By Lee Prewitt, Microsoft

Microsoft manages its data centers using Azure, our cloud computing solutions for building, testing, deploying, and managing applications and services. For nearly a decade, this open, flexible, enterprise-grade technology (now available in over 54 regions around the world) has operated as Microsoft’s answer to the incredibly expanding storage industry.[1]

Let’s talk NVMe™ technology and Azure…Microsoft’s Azure data center capacity is enormous and most servers in the Microsoft data center have at least six NVMe drives in them, which equates to millions and millions of drives being used. As you can imagine, a system of this capacity presents its challenges, including form factors, rot in place and debugging solutions, telemetry issues and security matters.

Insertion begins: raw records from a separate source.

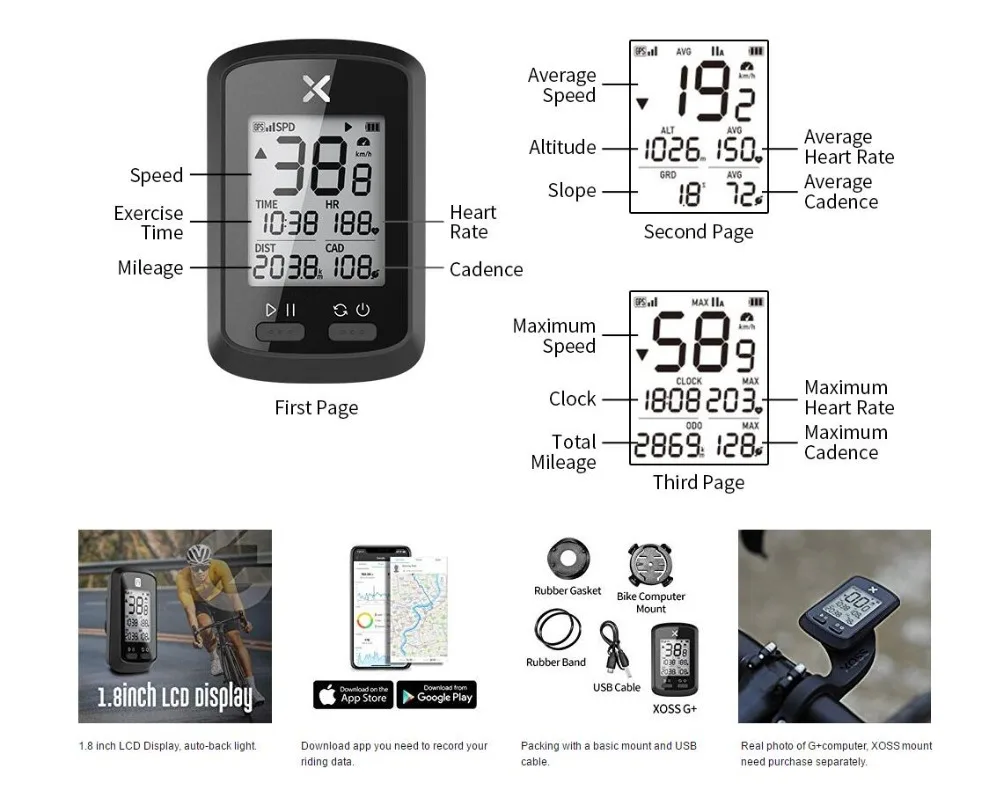 XOSS G+ gps компьютер Велоспорт Bluetooth 4,0 ANT+ велосипед беспроводной компьютер цифровой спидометр подсветка IPX7 водонепроницаемый Велоспорт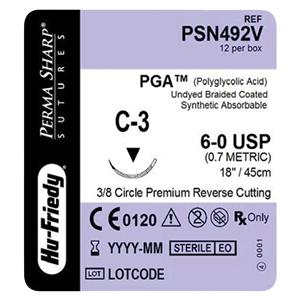 Perma Sharp Suture 6-0 18" Polyglycolic Acid Braid C-3 Undyed 12/Pk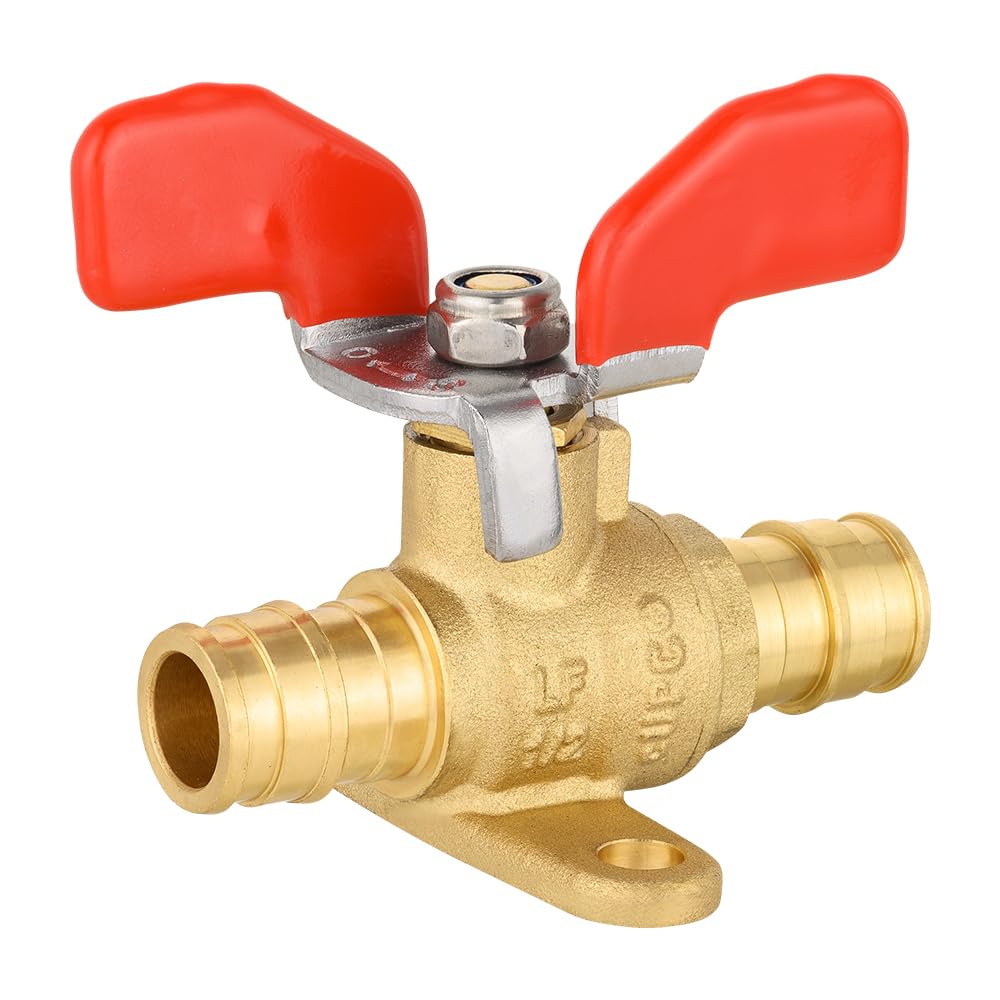 10 Pcs 1/2" PEX-A Expansion Butterfly Valve W/Drop Ear, Red (Lead Free)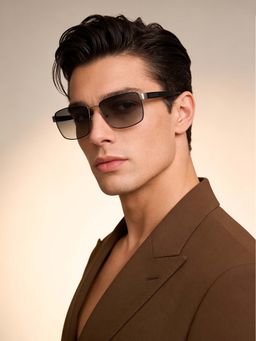 Guess - Men Full UV Protected Metal Full Rim Rectangle Grey Lens Sunglasses (57)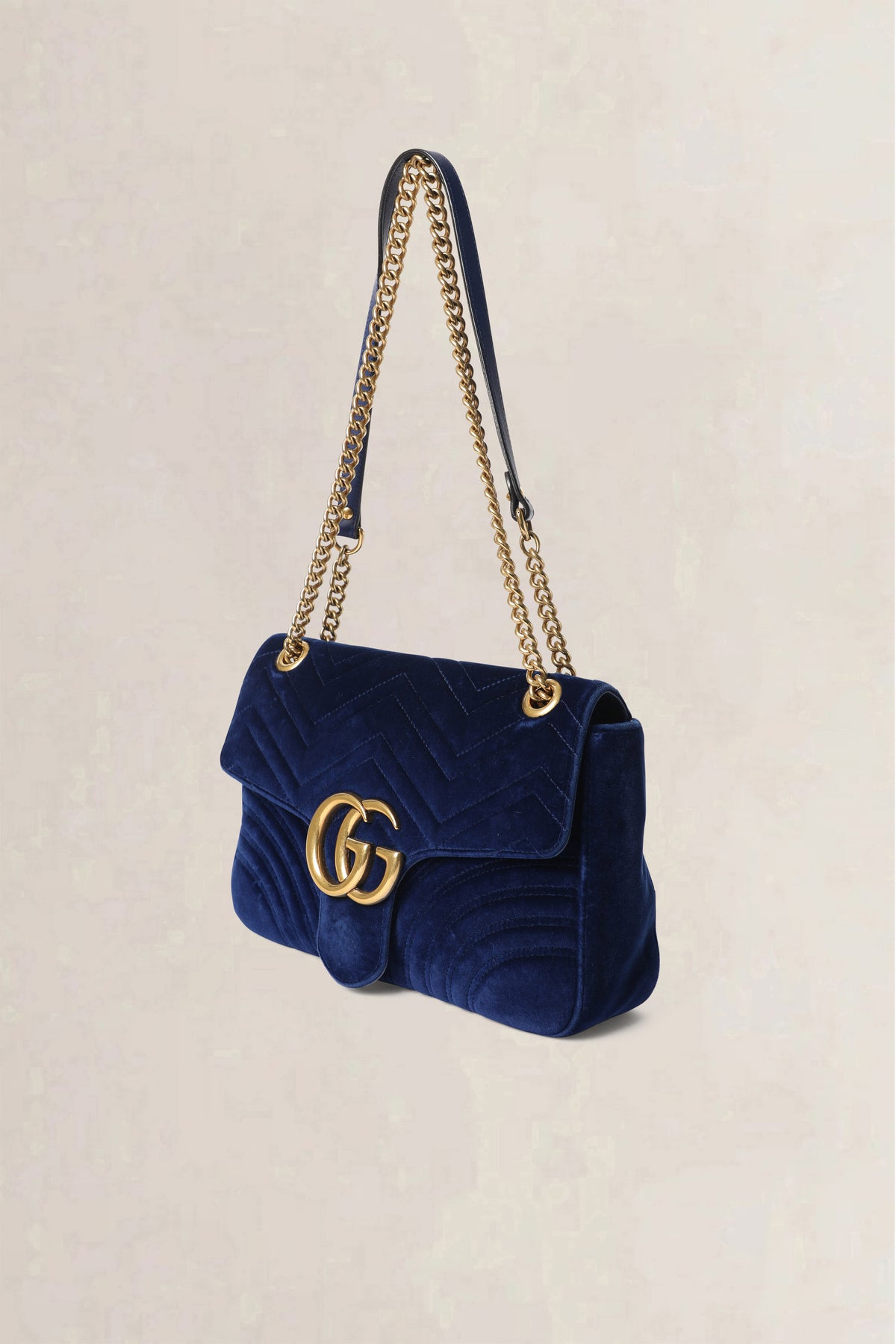 Gucci Blue GG Marmont Velvet Large Shoulder Ba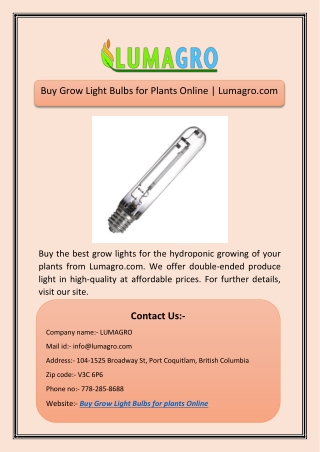 Buy Grow Light Bulbs for plants Online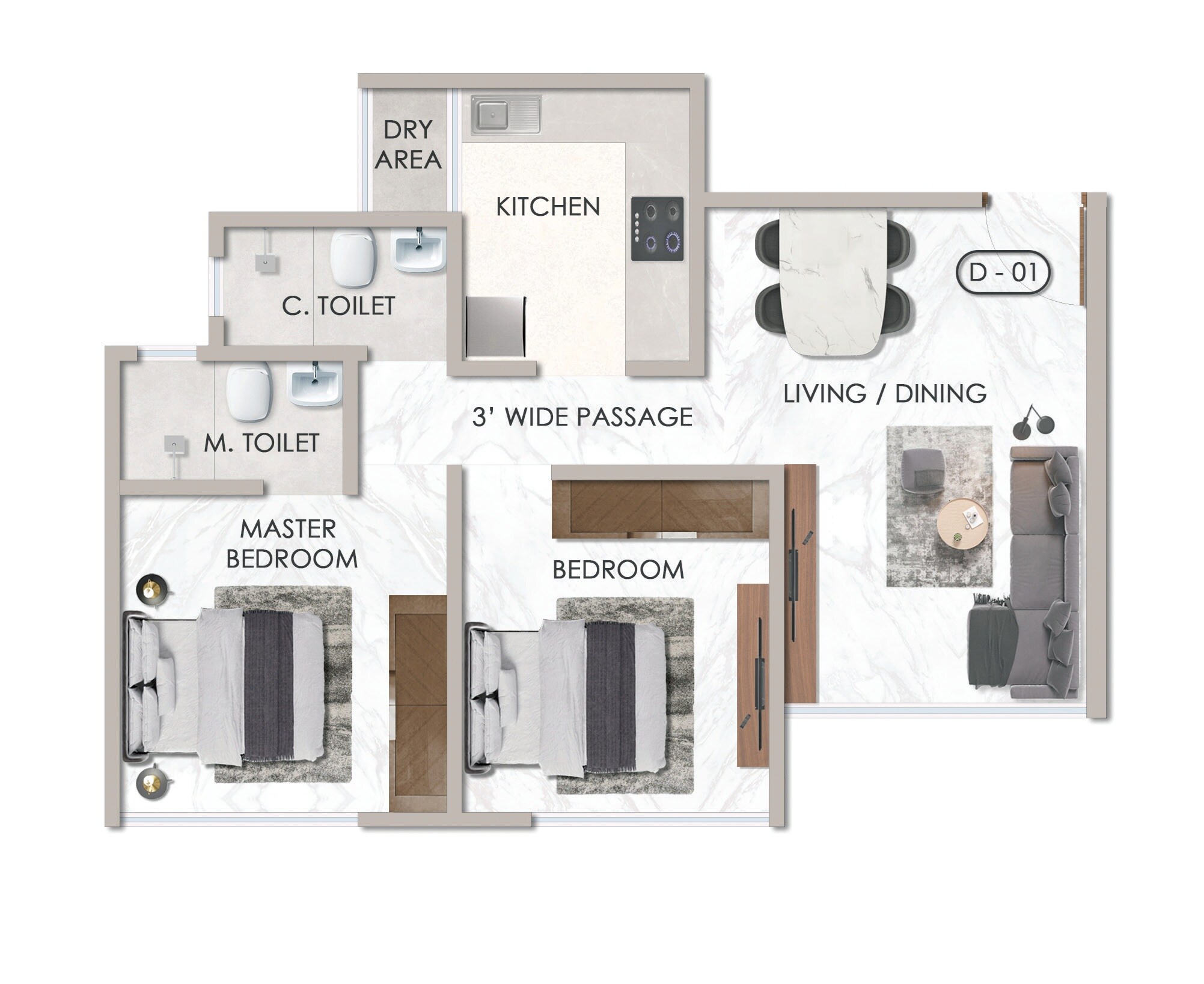 Floor plan of 2 BHK 624 Sq. Ft. Apartment in Sheth Codename Younique, Mumbai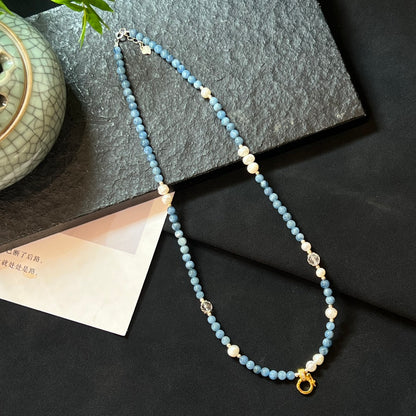 Collar de clavícula de aguamarina de moda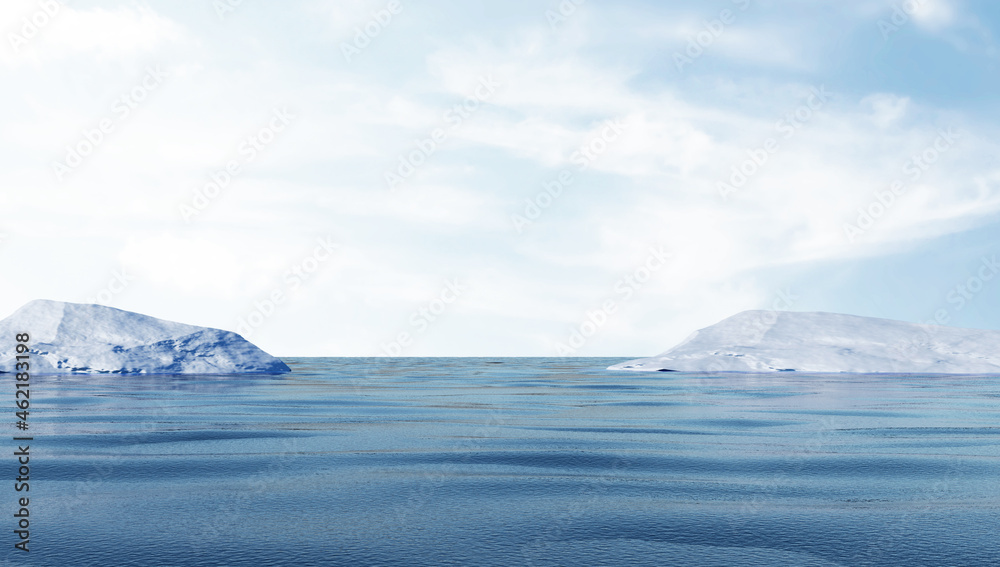 Arctic Landscape with Icebergs in the Ocean or Sea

Challenge One: Form Factors

From Microsoft’s perspective, the power and thermal constraints and the fact that it’s not hot-swappable have caused the M.2 form factor to run its course in the enterprise. Enter EDSFF, which stands for Enterprise and Datacenter SSD Form Factor Working Group, and its collection of form factors. E1 family of form factors are replacing M.2 as they are built from the ground up for data center uses cases, while also supporting NVMe specifications.

Source: Intel

Source: OCP Storage

Source: https://www.flashmemorysummit.com/English/Collaterals/Proceedings/2018/20180808_SSDS-201-1_Shaw.pdf

Challenge Two: Rot in Place – Graceful Degradation of SSDs

SSDs can be used inefficiently in the data center, resulting in poor performance and shortened life.  We needed to find a way to better use NVMe SSDs and extend the life of the drive. By using NVMe’s Zoned Namespaces (ZNS) technology. ZNS are an excellent solution because they take aspects of shingle magnetic recording for Azure’s data centers and add them to SSD drives, allowing engineers to write it sequentially in well-defined chunks. The data may then be read randomly, and the zone of the data will be reset. At the end of the process, the write pointer returns and can be reset and then the process starts all over again. We also use Zoned Namespaces to minimize garbage collection, which is extremely useful when large writes occur. You can find out more about ZNS at NVM Express and Zonedstorage.io

Source: https://zonedstorage.io/introduction/zns/

Challenge Three: Debugging

In terms of debugging solutions, Microsoft couldn’t ask for a better option than NVMe technology. NVMe architecture allows Microsoft to timestamp exact drive events correlated to individual system events. One example of this is through the power of a drive, which will provide the actual wall clock time during the debugging process. If issues arise in the drive during debugging, our engineers can recover the precise timestamp where they arose and then access that specific entry point to alleviate the problem.

Challenge Four: Telemetry

Telemetry refers to an umbrella of tools, utilities and protocols to remotely extract and decode information for debugging potential issues. NVMe telemetry solutions help Azure data centers facilitate standardizations when issues arise and put a process in place for data to be collected, stored and reported back to an In-House Programmer (IHP). Another great feature of NVMe telemetry is that it works over industry standard protocols and eliminates or minimizes the need to remove SSDs from vendor systems for retrieving things like debug logs.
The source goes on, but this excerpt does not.